In Bulwer, Zuma told the crowd that Dlamini-Zuma had weeded out corruption at home affairs and reduced the turnaround time for the issuing of identity documents.

Yet ANC stalwart and former home affairs director general Mavuso Msimang, who served under Dlamini-Zuma and her predecessor, Nosiviwe Mapisa-Nqakula, said it was Mapisa-Nqakula who should be credited with the turnaround at home affairs. When he joined the department in April 2007, Mapisa-Nqakula had already done a “thorough investigation” of the problems at home affairs, “sourced a really good group of consultants” and initiated the department’s turnaround, which was already showing results by the end of his first year.

During the Mbeki years, Dlamini-Zuma dovetailed her ambitions with her president’s continental vision of an African renaissance. Her experience while chair of the AU caused antagonism with Francophone African countries, which accused her of extending the neocolonial economic and political interests of South Africa, rather than playing a nonpartisan role.

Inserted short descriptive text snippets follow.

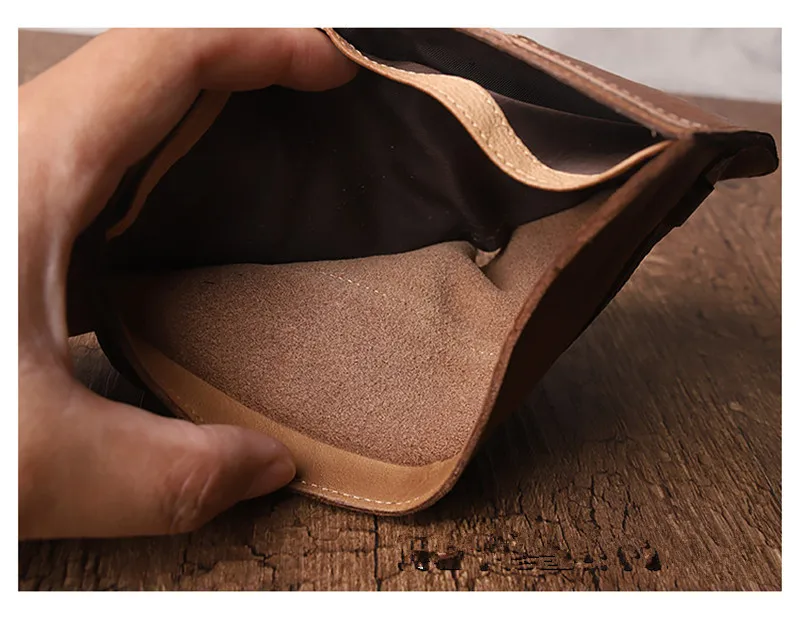 Retro fashion high quality natural real leather ladies short coin purse summer hot sale men anti-theft business card wallet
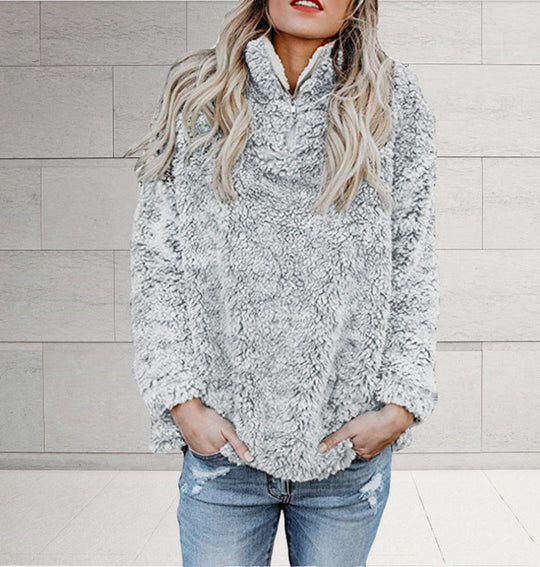 Damen Flauschige Fleece-Pulloverjacke mit hohem Kragen und Reißverschluss R&B
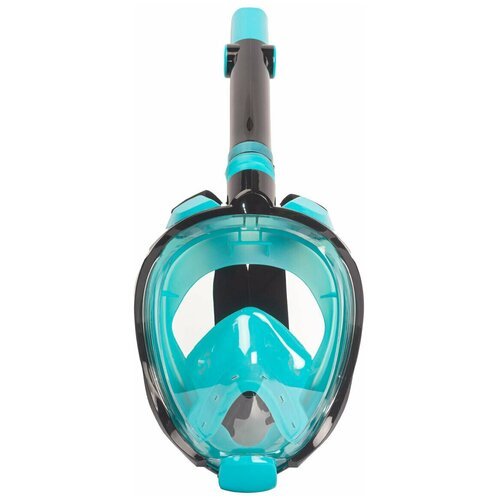 Полнолицевая маска для плавания (снорклинга) SARGAN Галактика Премиум цвет черный/бирюзовый детская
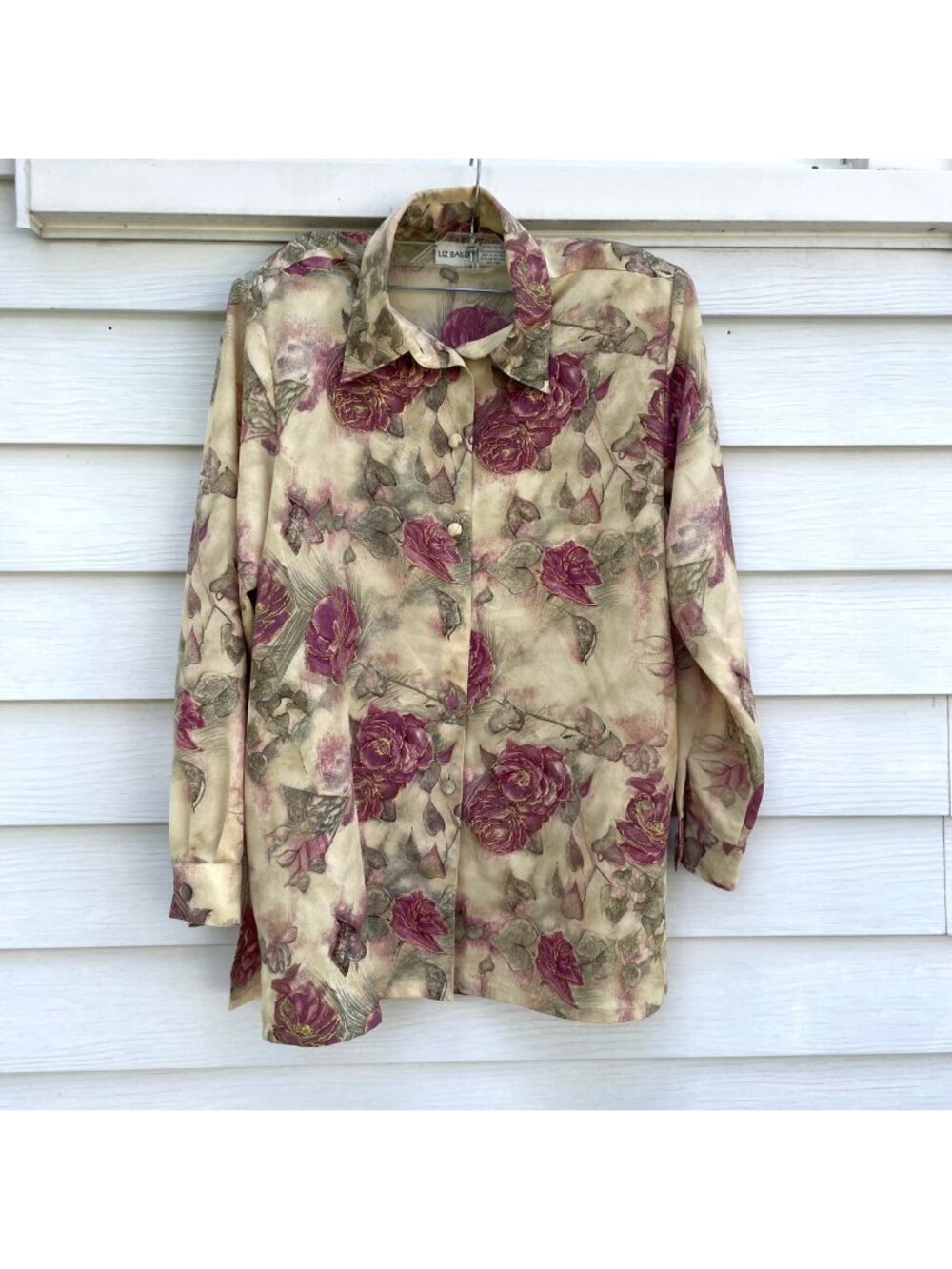 Vintage 90s Liz Baker Floral Blouse Womens L Art Teacher Cottagecore Flowy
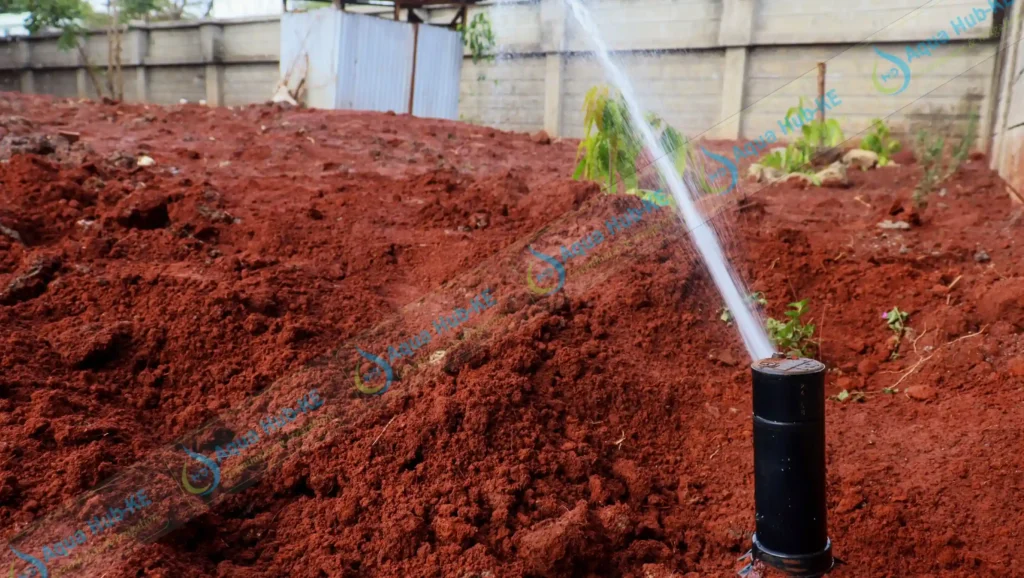 Irrigator being used in garden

A former MK operative pointed to unresolved political violence in countries such as Burundi and the Democratic Republic of Congo during her tenure.

When she was health minister, the public protector found in 1996 that the department had ignored proper tender procedures to award a R14-million contract to Mbongeni Ngema to produce the Sarafina II Aids-awareness play. Dlamini-Zuma had dreamt up the idea of the sequel.

Virodene was quack medicine developed in South Africa as an Aids drug, which was rejected by the scientific community.

But despite the Virodene and Sarafina II scandals, activist and co-founder of the Treatment Action Campaign Zackie Achmat describes her record as health minister as “almost peerless”.

Achmat says Dlamini-Zuma would have been a “great candidate” to lead the ANC were she not “tarnished by the stench of corruption surrounding Zuma, the Guptas and others intent on state capture”.

His list of her achievements in the health department include “being central” to the implementation of South Africa’s first National Aids Plan; making primary healthcare more accessible to a broader section of the population; “creating an essential drugs list, which ensured state hospitals and clinics were not compelled to prescribe drugs pushed by big pharmaceutical companies”; and passing the Termination of Pregnancy Act that legalised abortion.

Five former or current national executive committee members described Dlamini-Zuma as “lucid”, “reflective”, a “deep thinker” and someone who lived for the ANC. She was also described as brusque, lacking in personal skills and having a “spiky governance style”.

One former government official said that when a trusted adviser made recommendations on hiring people, Dlamini-Zuma would “violate all principles to get that person hired”. The official reeled off examples during their time working for Dlamini-Zuma when “heaven and earth were moved” and wage structures ignored and broken to ensure hiring.

“This demonstrates really terrible judgment, which makes me really opposed to her becoming the president of the country – she breaks rules so easily,” said the ex-official.

Although those critical of her association with the “patronage faction” of the ANC argue this represents another ill-advised judgment call by Dlamini-Zuma, it may also turn out to be a wily strategic move by a political operator who has devoted her life to the ANC, and much of her career to advancing the gender transformation agenda.

Whether she will be able to lead a potentially divided ANC to victory in the 2019 national elections and still balance the expectation of rapacious backers remain questions hanging heavily over her.